The idea here is that we have some request that does not resolve the socket with a response (i.e., never calls response.end()
). When that happens, the request socket will remain open indefinitely. If this is in the browser, there is a hard limit timeout after (if I recall correctly) 60 seconds.
The problem is that with server-to-server API calls, the requesting client will never timeout the connection (unless we do so manually). This means that if we hit ulimit -n
number of zombie sockets, the server itself will no longer be able to assign client sockets to new connections. The behavior that's exhibited is that a request is able to come in, but it just hangs out in the waiting pool for an available socket, which will never happen because we have a ton of open sockets and no handles to them.
We don't yet know which route is causing the problem. It's very likely that it's an API call since browser calls will timeout.

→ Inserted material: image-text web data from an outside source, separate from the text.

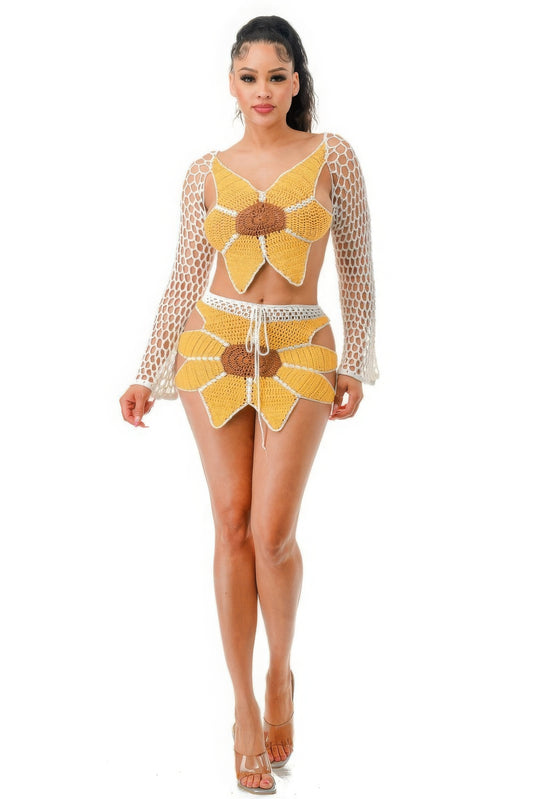 New Arrival – Crochet Skirt Set Sunflower – New Arrival Now Live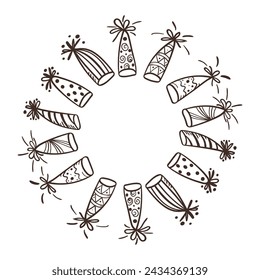 Hand drawn frame with paper cap, cone.  Birthday clipart in doodle style. Vector Isolated illustration on a white background. Perfect for daily planner,  social media,  greeting card.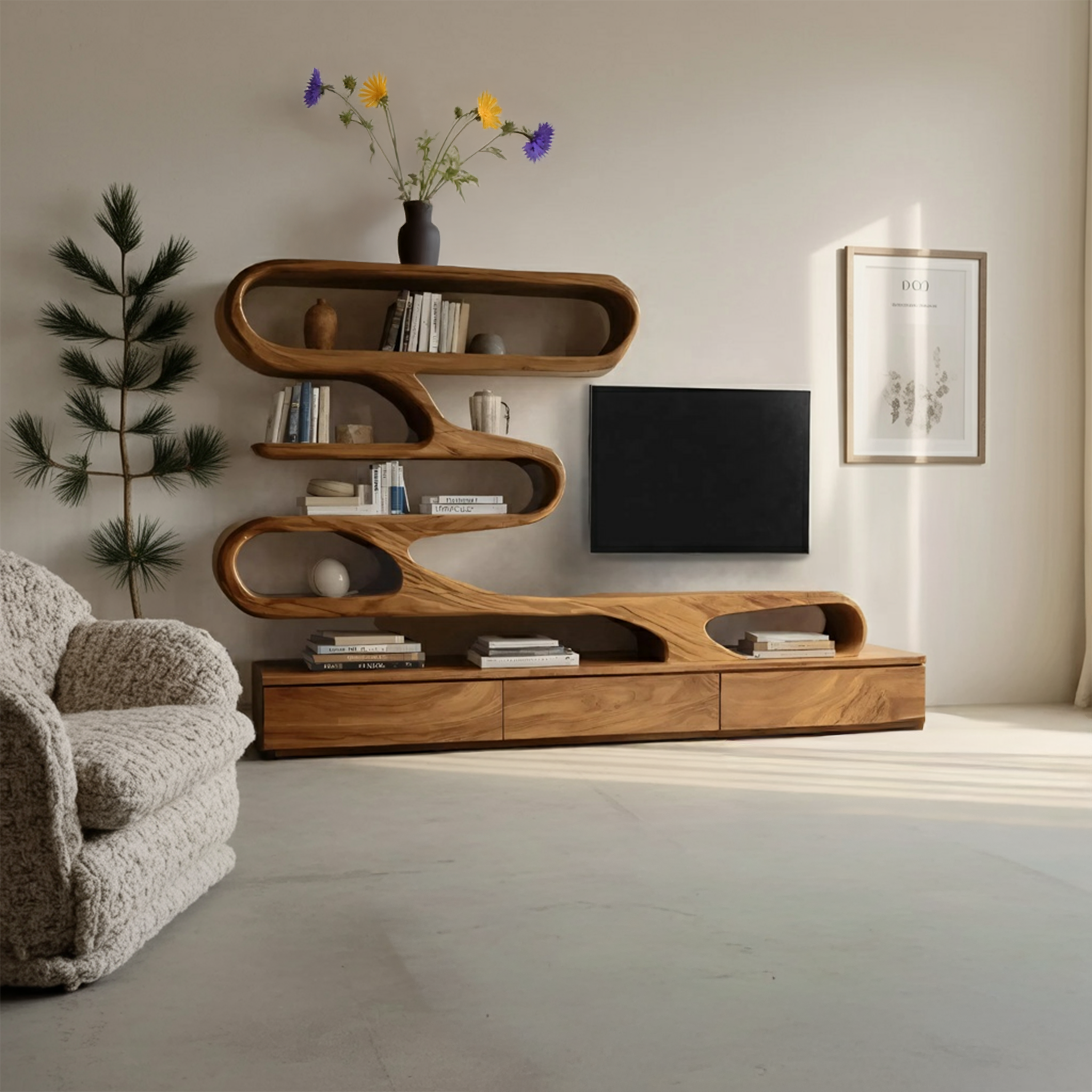 Modern Organic Wall TV Shelf System For Living Room SITHHNTVC036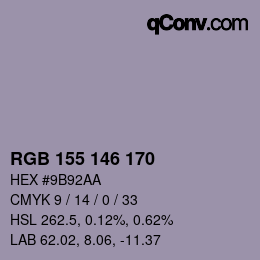 颜色代码: RGB 155 146 170 | qconv.com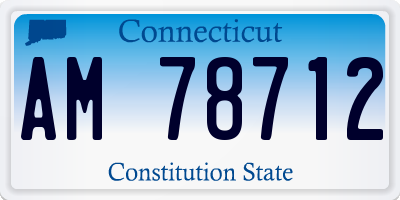 CT license plate AM78712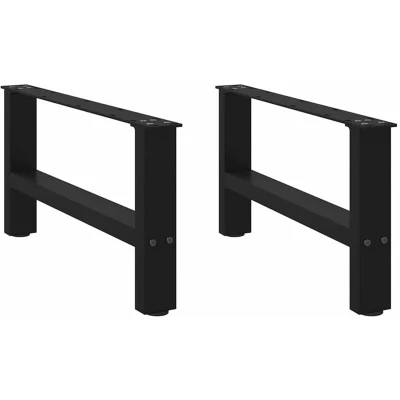 Image of vidaXL Coffee Table Legs Black 2 pcs 70x(30 31) cm Steel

Chris and I discussed (and Isaac confirmed) that sticking some middleware in front of all the routes with some hard timeout and logging is the best bet. We can define a threshold (say, 45 seconds – according to JP our longest valid request is 22 seconds (which itself is gross and we need to fix)) and say that anything above that threshold is a zombie'd request. When that happens, we can 500 and send something to loggins with a high-alert level indicating which route is trying to hold open sockets. We can also manually close the socket so the server doesn't get knocked out of rotation.